= Anthony Sedlak =

Canadian chef

Anthony Lawrence Sedlak (April 15, 1983 – July 4, 2012) was a Canadian chef and the host of Food Network Canada's The Main.

==Early life and education==
Sedlak was born in Prince George, British Columbia and grew up in North Vancouver. At age 13, he began bussing at the Grouse Mountain cafeteria. He was soon promoted to the resort's main kitchen at 14, where he worked as production cook for what was then Bar 98. By 16 he was working at the Grouse Nest restaurant (now The Observatory). During this time he completed the Culinary Art Program at Carson Graham Secondary School in North Vancouver, followed by a four-year apprenticeship program at Vancouver Community College (VCC).

==Career==
Following the advice of Sylvain Cuerrier, the executive chef for Grouse Mountain, 20-year-old Sedlak joined the team at La Trompette restaurant in west London where he worked under Chef Olivier Couillaud. With the experience and knowledge gained at La Trompette, Sedlak returned to Grouse Mountain Resorts where he was offered the position of sous-chef at The Observatory.

At 22, with the help of Chef Harold Bonkowski, head of the culinary arts department at VCC, Sedlak was selected as Canada's representative for the 2006 Hans Bueschken World Junior Chef Challenge in Auckland. He came away with a silver medal.

A few months later, Sedlak won Food Network's Superstar Chef Challenge II. After the win, he left The Observatory to shoot The Main, which premiered on 1 October 2007. Anthony was also a judge on the Food Network show Family Cook-Off.

He was named Executive Chef at The Corner Suite Bistro De Luxe in Vancouver, which was scheduled to open in November 2009.

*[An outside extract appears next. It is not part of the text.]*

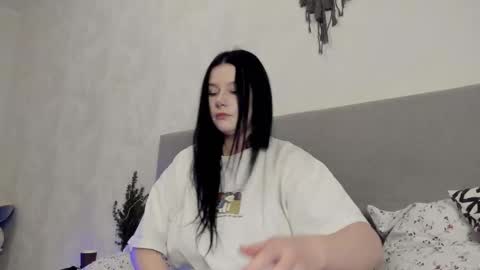 Snapshot of alinegreeeen chatting on 01.07.26 Aline Greeeen online show from 01.07.26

In February 2010, just days before the opening of The Corner Suite Bistro, Anthony parted ways with the restaurant in pursuit of other opportunities.

==Death==
Sedlak was found dead in his apartment in North Vancouver, British Columbia, Canada on July 6, 2012. According to the coroner's report, Sedlak died from suicide by taking excessive amounts of cocaine and oxycodone. Shortly before his death, Sedlak filmed an appearance as a guest judge on the television program Anna & Kristina's Grocery Bag. The episode in which Sedlak appeared aired on November 20, 2012. Even though it wasn't his last TV appearance, it featured a tribute to him at the end of the episode. Sedlak's final appearance was on season 2, episode 12 of You Gotta Eat Here! which aired on March 22, 2013, and at the end of the episode it said "in loving memory of Anthony Sedlak".